Sorting Algorithms

You do not need to memorize all of the following, but you should be familiar with them and spend some time writing up your own implementation of them.

Terms

Stability

Sorting algorithms are considered to be stable if two elements with equal keys remain in the same relative order as they appear in the input and the output.

Adaptive

An adaptive algorithm takes advantage of any existing values that are presorted in the input set and tend to sort faster. The amount of disorder in the input set has a negative effect on the ultimate time taken to complete the sorting of said input set.

In-Place

A sorting algorithm that occupies the same storage space as the input set. Typically, it requires one or two additional temp variables but does not require large chunks of additional memory to store subsets of the input set while sorting.

Online

An online sorting algorithm does not require all of the elements to be present at the beginning of the sorting operation. They can be provided as a stream, or one-by-one and the algorithm must keep additional items sorted as they are provided to the input set.

Insertion sort

More efficient for a relatively smaller number of elements. Similar to selection sort. If provided with a nearly sorted input, it is very efficient. Relatively speaking, each element is examined and checked to see if the element before it is greater in value that it is. If so, it is swapped and thus continues down the array until the correct position is found. It can be more memory r/w intensive than selection sort, so in cases where r/w are slow selection sort may be favored. Advantageous over selection sort and other methods as it is online

  • Worst, Avg: O(n ^ 2)
  • Best case, O(n)
  • Online, adaptive, stable, in-place

Example: 13, 24, 9, 8, 6

We typically start at the beginning of the array and work towards the end of the array, each time, we sort down (towards the 0 index) the value until it is in it’s correct place, such that it is less than the element to it’s right.

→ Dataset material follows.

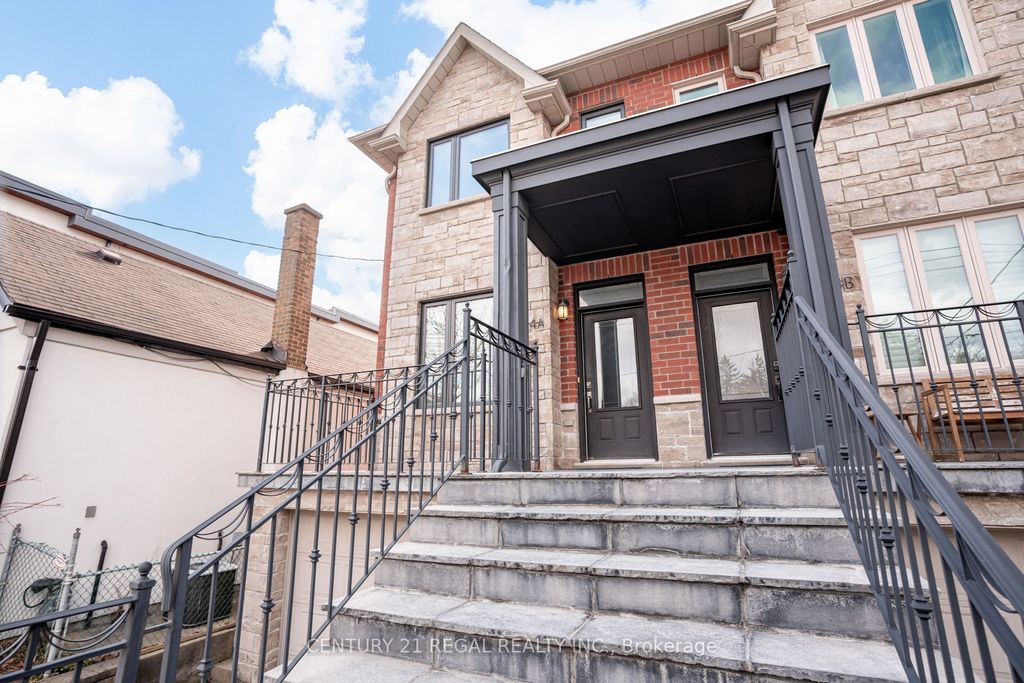 Photo of 524A Mcroberts Avenue, Toronto, ON M6E 4R4 (MLS # W12886396)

Assume a for i = 0, i < lengh; i++ semantic.

  1. i = 13, there is nothing to the left, so i++
  2. i = 24, i > i-1, so nothing to do, i++
  3. i = 9, !(i > i-1), so we swap 9 and 24.
  4. Then we check to see whether the i-1 element from 9 is less than 9
  5. It is not so we swap those two
  6. The first three elements in the array are now, 9, 13, 24, the sorted sub-set.
  7. i = 8 . . . we continue checking the ith element to i-1 until we have sorted the entire array.

Quicksort

A divide and conquer algo. Divide the array into two sub arrays via a partioning algorithm (pick the middle element/value or a random value). Then sort all elements less than the pivot to the left of the pivot, all greater than or equal to the right. Then recursively run the same function on the values to the left of the pivot. Can be problematic in that it can result in resource starvation and stack-overflow problems as the result of it’s recursive nature.

Mergesort

A divide and conquer algo. Recursively split the list until you have lists that are 1 element and merge the result.

  • Worst case: O (n log n)
  • Avg case: O (n log n)
  • Best case: O (n log n)
  • Stable (most implementations)
  • http://en.wikipedia.org/wiki/Merge_sort
  • http://www.princeton.edu/~achaney/tmve/wiki100k/docs/Merge_sort.html
  • http://www.ee.ryerson.ca/~courses/coe428/sorting/mergesort.html

Heapsort

Is an in-place algorithm with a worst, best, and average complexity of O(n log n).

Can be though of as an improved selection sort. It is an improvement because of the use of the semi-sorted heap data structure and that there is no longer a linear approach required to compare all items to each other (not O(n^2)).

It is essentially a two part algorithm. We will assume in this example that this is a max heap and not a min heap

  1. Build the heap
  2. Sort the heap

We capitalize on the fundamental nature of the heap that the largest item is always at the root. And, when we remove the largest item and then reform the remaining heap the next largest item bubbles to the top. We can utilize an array (arr) to store our heap. We divide the array into an unsorted and sorted segments. Initially, the entire array is unsorted.

We begin by creating a pointer (sortedIdx) that will keep track of the index in the array that divides the sorted and unsorted elements. Initially, it points to the last element in the array (array.length – 1). We also create a temporary variable (temp) that we will use to store values that we are in the process of swapping in our array.

In each sort operation we

  1. Copy the value in arr[sortedIdx] to temp, which is one of the smallest elements in the heap
  2. Copy the value at arr[0] (removing the largest element in the array) to arr[sortedIdx], this begins creating the sorted segment of the array
  3. Decrement the sortedIdx value moving the pointer towards the beginning of the array to indicate that all elements after it are already sorted.
  4. Set the value of arr[0], the root of the heap, to the value of temp
  5. Sort the new value downwards until the heap ordering property is satisfied.
  6. Repeat until sortedIdx == 0

After each sort cycle the next largest element is added to the sortedIdx position in the array and we slowly grow the sorted section of the array.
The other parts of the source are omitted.